I mean that in a fulfillment way. To serve the father’s expectations instilled within me.

I naturally brought in five amazingly, strong, healthy, beautiful, and intelligible children, each of which I made sure to take care of myself that I eat and exercise my heart, mind, body, and spirit far before the child growing within me even entered this world.

When I think or look at each of my children, I know my part was my all to now where some must face their own destinies based off their own reaping.

I have loved and devoted myself to my husband from the very beginning of our time, over thirty years ago. No other man can say they have ever managed nor were invited to violate the holy matrimony I have strongly upheld to the one man of all our five children together.

I can look at my husband, I can look at our children, and together, I happily can proclaim- one. 

I have given my children the gift of one father.

I have given my husband the gift of one wife, one that is good, one who can say, “All of our children are unquestionably yours. All ours.” 

We are one.

I can and have silently laughed at the whispers of doubts of my loyalty in all my years of wifing (wife-ing) – the love, loyalty, or enthusiasm a lawful woman offers incessantly to one partner for life. 

Promiscuous mentalities can only think in a way where no one else could ever stay good and faithful to one. Good, I am. Faithful I am. I prove to no one, but One.

Jiminy Cricket could vouch such claim if ever need be to care to prove to anyone who would probably and, still, must convince themselves otherwise.

You can give aide to the blind to see and the deaf to hear.

You must leave alone those who are blind and deaf by choice.

I look at my husband and know even more each day, “My darling, I am yours and you are mine…”

This is my own gift to me. 

Each time I hold my husband’s hand, I know and am certain, he holds the hand of one honorable, loyal, faithful, integrous, and devoted. That, I am. Jiminy Cricket knows. 

I have silently laughed, knowing each of our children have had their share of naughty moments. And, yet, I think, “Good. They are not the stiff-necked kind who don’t know how to embrace still, the child in them. Good that they know how to break through for autonomy.

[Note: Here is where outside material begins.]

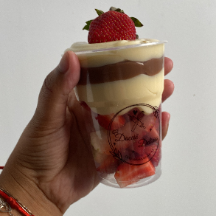 Copo com morangos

Good that they know how to step away from discomfort of restriction and confinement so that they may grow, develop, and thrive beyond the grounded foundations they each were put in.” 

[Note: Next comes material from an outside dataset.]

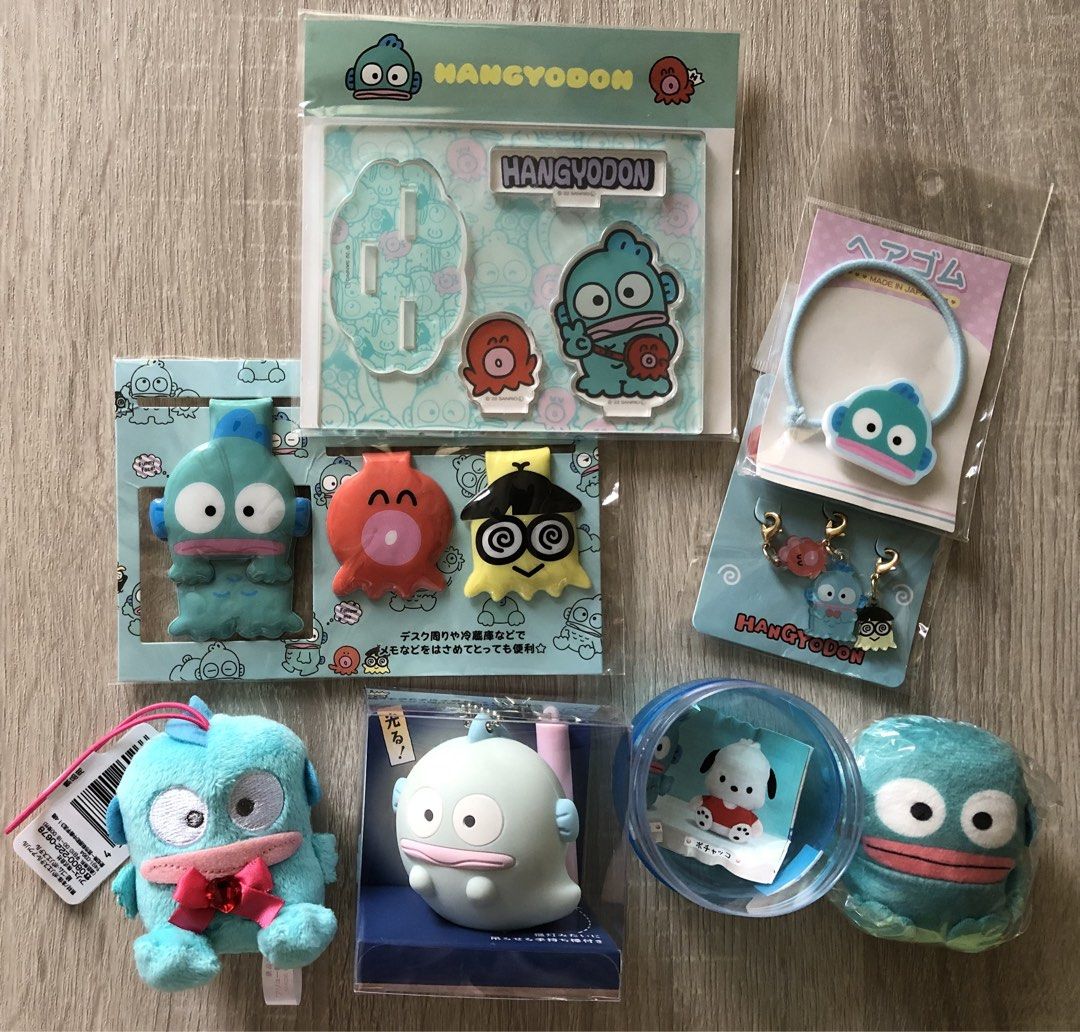 Sanrio Hangyodon 水怪 一番賞 磁石書夾 公仔掛飾 扭蛋 立牌 髮圈 發光掛飾 公仔 （分類：日系周邊）位於 Hong Kong。 由 molang456 提交（商品編號 1467251845，圖片 1）。簡介： 全新日版 圖 1 每款價錢不同，歡迎查詢 圖2 一番賞+貼紙共$40 交收地方可商議。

The spirit of a child lives and lingers within.

A seed is meant to push and break through in able to flourish to become how each were meant to blossom and bear fruit. 

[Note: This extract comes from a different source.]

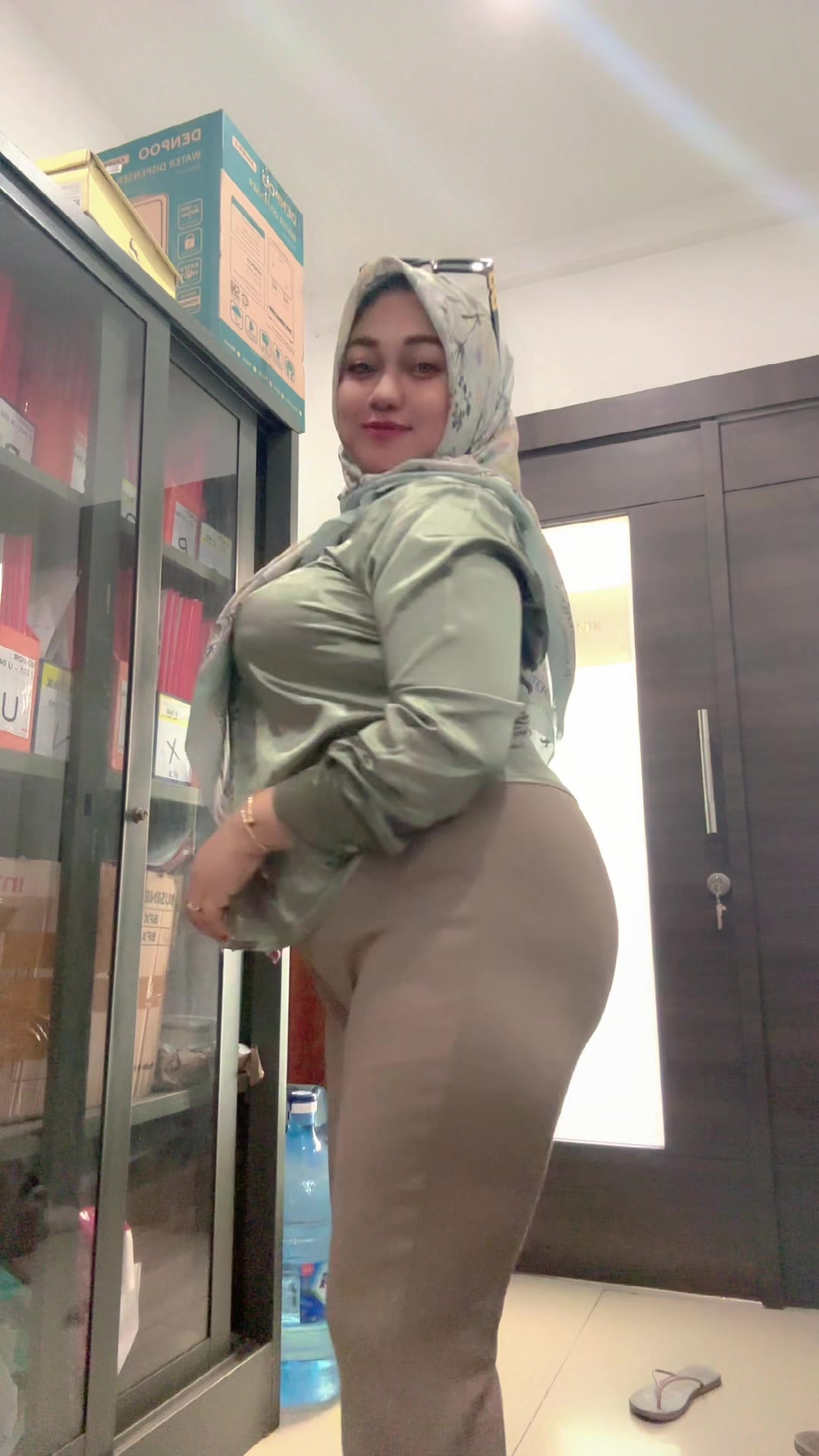 @momihzahwavarel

Had I not done the same, I would not be breathing the air of leisure and peace to that which I have blessedly followed through the words of Jiminy Cricket within me.

As I have said to my students within my many years of teaching, “Nobody is perfect but we can each strive for excellence.”

I am saddened by the world around me who have not taken the time to reflect on correction or forewarns.

I see now those who have been left behind- marked by obstinance, pride, denial, and lack of accountability, daubed with, instead, the victim mentality, blaming everyone but themselves of their own found circumstances, no matter how many times they see themselves still immobilized from the same input/output results. 

While I cannot deny for being angered or impacted by the attempts of others to steal, kill, and destroy the hearts, minds, bodies, and spirits of one another, I see those very same only hungry and thirsty due such depravity. 

Hungry and thirsty each day and yet the well is there to supplement their thirst, too busied by their eyes wandering as to the satiation filling others.

I know now to only hope each such lost soul, in the trickeries of life’s enticements to only lure those into covetousness, strength will be found to no longer serve such path of farther direction from their father’s forewarns.

In a world where so many no longer understand the genuine care and love of a father to which I see has infiltrated the minds of even those raised by one- there is confusion; there are more to be lost.

I can offer nothing but the willingness to always prove that when willing and believing in the father, one can faithfully arrive to safe destinies.

Each of us were destined to become, to do, to fulfill, to achieve, to be granted powers beyond our understanding.

That belief, even when we cannot see, is sometimes all we’ve got. Upon arriving, time and time again to a focused destiny, time and time again, one is reinforced that such resilience, such faith, is answered at will.

As I deeply felt Rafiki’s words in the latest movie, Mufasa: The Lion KingWhen destiny is close, the earth rumbles.

How many of us have been tricked to believe that every stumble was a downfall instead of just a redirection or, perhaps, even just the ground rumbling beneath us in celebration of what awaits ahead?

I have seen my children and my students express disbelief and thus, fear, of their potential. There is this familiar oddness to one’s behavior when what waits ahead is perceived to be undoable.

That sabotaging corruption that one works to create for oneself as if to use as the whirling funnel of doubts to strike upon the finish line just to then say, “I knew I couldn’t do it.”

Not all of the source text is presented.